LAWS(P&H)-2012-11-7

RAJAN JAIRATH Vs. MONITA MEHTA

Decided On November 05, 2012
Rajan Jairath Appellant
V/S
Monita Mehta Respondents

JUDGEMENT

(1.) This order shall dispose of Civil Revision Nos. 2192 of 2011 and 457 of 2012, as common questions of law and facts are involved in both the cases. For reference, facts are taken from Civil Revision No. 2192 of 2011. The Civil Judge (Senior Division), Chandigarh, vide order dated 19.01.2011, while deciding the application under Section 26 of the Hindu Marriage Act, 1955 (for brevity 'the Act'), for interim custody of his minor children namely Abhimaniyu Jairath and Sakshi Jairath, partly allowed the same and instead of interim custody, the visitation rights were granted to the petitioner and the petitioner was allowed to meet his children in a month i.e. on every second Saturday of the month for two hours i.e. from 2.00 P.M. to 4.00 P.M. in the Court room itself. The respondent-Monita was also directed to produce the children in the Court for the purpose of meeting on every second Saturday of the month at 2.00 P.M., during the pendency of the case. It was further made clear that if any second Saturday happens to be holiday, then the petitioner would be entitled to meet the children on the next working day of the Court. In fact, the trial Court had allowed the visitation rights to the petitioner to see both the children and not one child.

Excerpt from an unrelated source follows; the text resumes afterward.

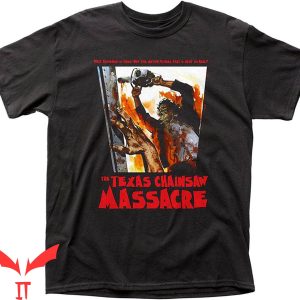 Texas Chainsaw T-shirt Texas Chainsaw Massacre T-shirt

(2.) Feeling dissatisfied, the petitioner has filed Civil Revision No. 2192 of 2011 for modification of the impugned order by praying that the visitation rights be liberalised by way of allowing the children to stay at his house at Chandigarh and he be permitted to take them to the trips and the interim custody of the minor children be granted to him.

(3.) Similarly, Monita Mehta-respondent (mother of the minors) has challenged the impugned order by filing Civil Revision No. 457 of 2012 for quashing the order. She has stated that the children are in her custody and the petitioner has not complied with the directions, issued by the guardian Court. It was further submitted that the minor children are neither ready to meet the petitioner nor the petitioner is ready to meet them, therefore, the impugned order should be quashed.